In the 1960s, journalists H. Allen Smith and Frank X. Tolbert (author of A Bowl of Red) both claimed to be the true chili king of Texas. But there could be only one! So what better way to settle a blood feud of this magnitude in the Lone Star State than with a chili contest? The first tussle took place in Terlingua, moderated by historian and chili aficionado Wick Fowler and automobile legend Carroll Shelby (of Shelby Mustang fame). It’s pure coincidence, of course, that Shelby happened to have property outside of Terlingua. But it’s pure politics that the first encounter ended in a draw. (To further complicate matters, Shelby’s contingent later established a third organization, the International Chili Society, that holds its championship in California.)

Things were quiet for a while in Terlingua, like any good ghost town, but another philosophical dispute had been simmering under the surface, which eventually lead to the big breakup in the early ’80s. A judge was required to more or less amicably divide the assets. According to Joe Nick Patoski, writing in Texas Monthly in 1992, this was “the most ridiculous, overblown, and irreconcilable political squabble this side of the [Texas] Legislature... If you believe the CASI version of history, the split was a cooks’ rebellion against the old guard, specifically Tolbert. If you believe the Tolbert faction, the breakup of the chili world was caused by showoffs, Johnny-come-latelies, and minor league coots with absolutely no sense of chili history, much less respect for pioneers such as Tolbert, Smith, and Fowler... In truth, though... it comes down to egos.”

In the divorce, OTICCC won Terlingua, basically getting the house; CASI was hit with the proverbial restraining order and forced to decamp to its acreage outside of town. But they still share a birthday in 1967, which would make this the 50th anniversary for both of them. To properly capture the tone of a Terlingua cook-off, look back to that watershed year of 1983 when the event hosted a satirical "Over, Under or Through" fence-climbing contest. You don't hear "build a wall" rhetoric any more these days, but back then, proposals of beefing up Mexican border security were as outlandish as ever. A 17ft cyclone fence with barbed wire at the top was erected next to the cook-off site and contestants were challenged to break through it for a case of Lone Star. The winner breached the wall in only 30 seconds, proving once again that “free beer” might be two of the most powerful words known to Americans.

CASI Chili Appreciation Society International
CASI Chili Appreciation Society International

There’s another milestone moment, however, that needs to be noted during this golden anniversary of excellence in the chili arts. In 1970 a group called the Chiligettes, who had been crusading for the rights of women to compete, just up and did it. According to reports, Janice Constantine of Midland, Texas “set up her cooking area with her own silver service and candelabra accompanied by a male violinist in a tuxedo.” (Accompanied by a lot of grumbling and grousing on the part of the men and city elders, we can also imagine.) Constantine didn’t win, but she was effectively crowned Terlingua’s first chili queen in the process, and long may she reign (swapping a spoon for a scepter of course).
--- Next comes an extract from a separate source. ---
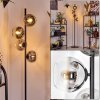 Koyoto Staande lamp Chroom, Duidelijk, Rookkleurig, 4-lichts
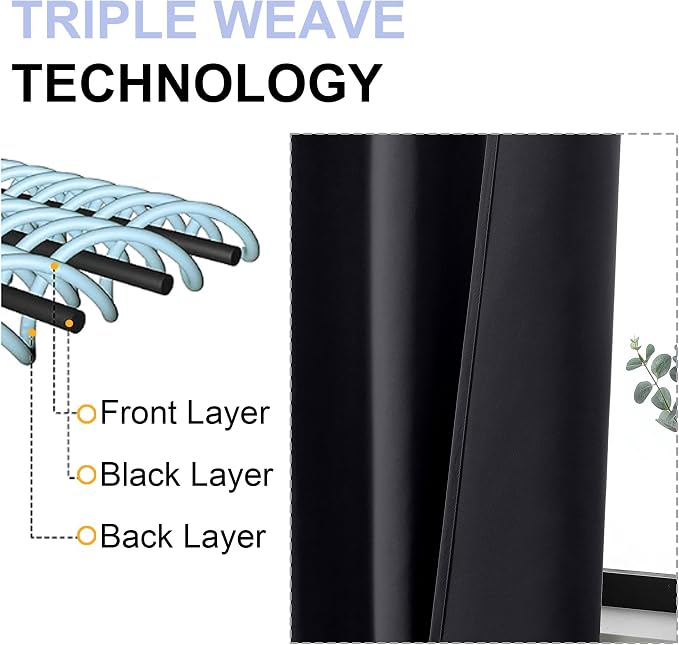 Simplebrand Ava Halloween Black Blackout Curtains - Image 5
The men should have realized that there was historic precedent. San Antonio, the nearest metropolitan center to Terlingua, can be called the original home of chili con carne without fear of serious contradiction. It was in its lamp-lit plazas that the original Chili Queens plied their wares from cast-iron wash cauldrons (the Queens were less-exotic laundresses by day) from the mid-1800s and beyond. It was from the Alamo City that chili spread outward, with a big boost from the popular San Antonio Chili Stand at the 1893 World’s Fair in Chicago.

As chili spread throughout the Southwest, the purity of the San Antonio original -- basically cubed (not ground) beef, onions, garlic, a paste made from a variety of toasted dry chiles, cumin, and oregano, preferably Mexican -- was soon diluted. Beans (even white ones!) were added, turkey was substituted for beef, spaghetti somehow put in an appearance. Heresy! And as a result, San Antonio ultimately ceded its primacy to locations as unlikely as Hollywood, with its bastardized bean & tomato version from now-shuttered Chasen’s.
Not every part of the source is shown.